**What you have to do:**
Leaving out pictures, output exactly the lines below from the one that has "Современная LED люстра" through the one that has "스웨트셔츠 크림 CKTS2F313CR", and nothing else.

**Exercise data:**
◆ ◆ ◆ ◆ ◆

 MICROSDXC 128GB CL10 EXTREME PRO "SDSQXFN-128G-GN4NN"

◆ ◆ ◆ ◆ ◆

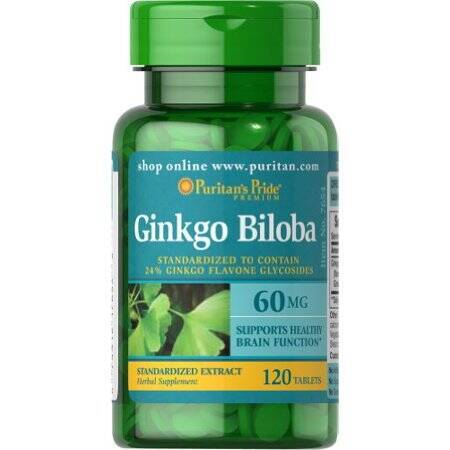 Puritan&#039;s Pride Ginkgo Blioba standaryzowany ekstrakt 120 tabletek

◆ ◆ ◆ ◆ ◆

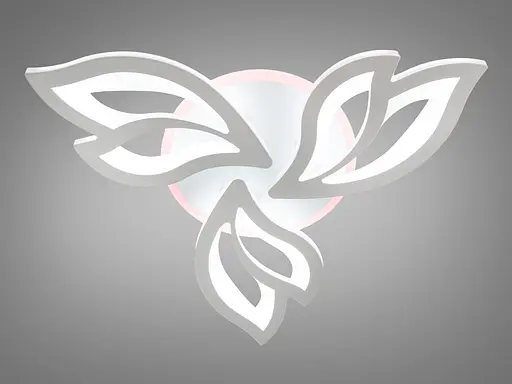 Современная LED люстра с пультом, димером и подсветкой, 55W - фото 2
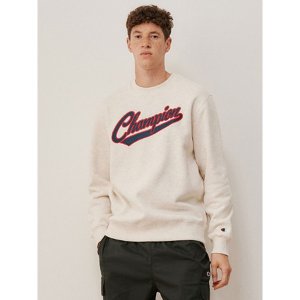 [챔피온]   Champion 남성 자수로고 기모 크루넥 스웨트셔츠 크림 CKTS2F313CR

◆ ◆ ◆ ◆ ◆

**Response:**
 Современная LED люстра с пультом, димером и подсветкой, 55W - фото 2
 [챔피온]   Champion 남성 자수로고 기모 크루넥 스웨트셔츠 크림 CKTS2F313CR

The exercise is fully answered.